Monday, February 18, 2019
Following up on my previous posts (links below): Robert Anderson (Pepperdine), Some Preliminary Contrarian Thoughts on the US News Proposal to Rank Based on Scholarly Impact:
There are several lines of criticism. One group worriesthat releasing such a ranking will create incentives for law schools to focus too much on scholarship as opposed to teaching or cutting tuition. I don't have much to say to this group in this post, because that's a broader debate. Another group worries not about placing greater priority on scholarship, but about the idea of quantifying scholarly impact. Although there are real problems with quantifying scholarly impact, that too is a different debate.
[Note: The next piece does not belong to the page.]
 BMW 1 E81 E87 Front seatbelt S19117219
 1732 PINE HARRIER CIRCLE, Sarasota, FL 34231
Scholarly impact or reputation is already quantified, it's just quantified through the use of a somewhat haphazard survey distributed by US News.
In this post, I want to focus on the line of criticism from a third group, those who value scholarship and accept at least in principle the idea of quantifying scholarly impact, but worry about the narrow focus of using law review citations. One of the most common critiques that surfaced on the day of the announcement is that the proposed methodology will undervalue interdisciplinary work. Interdisciplinary work often appears outside of law reviews and is cited by publications other than law reviews. The concern is that if US News undervalues interdisciplinary work, then because of the sway that US News holds, it may even reduce the incentives for interdisciplinary work.
As an interdisciplinary scholar myself, this critique concerns me. I do almost no "traditional" or "doctrinal" work in my scholarship, although I have done some. However, I think there are several reasons why the concerns might be overblown even for someone like me. In addition, there are actually some advantages to the proposed methodology over one that included interdisciplinary materials more broadly. Let me explain. ...
[I]f I were creating a scholarly impact measure, would I do it the way US News proposes? No. I would use something that would take into account a broader set of disciplinary materials and would control for where citations come from, such as an eigenfactor type approach. But something like that is not likely to ever enter into the US News formula. Thus, we must ask whether the proposed measure of scholarly impact is better than the status quo. Does it improve the information currently contained in the US News rankings? There I believe the answer is yes, because much of what is currently contained in the rankings is immovable peer reputation based on the distant past. I do hope, however, that US News will listen to these critiques and refine the measure to better quantify scholarly impact without distorting the market.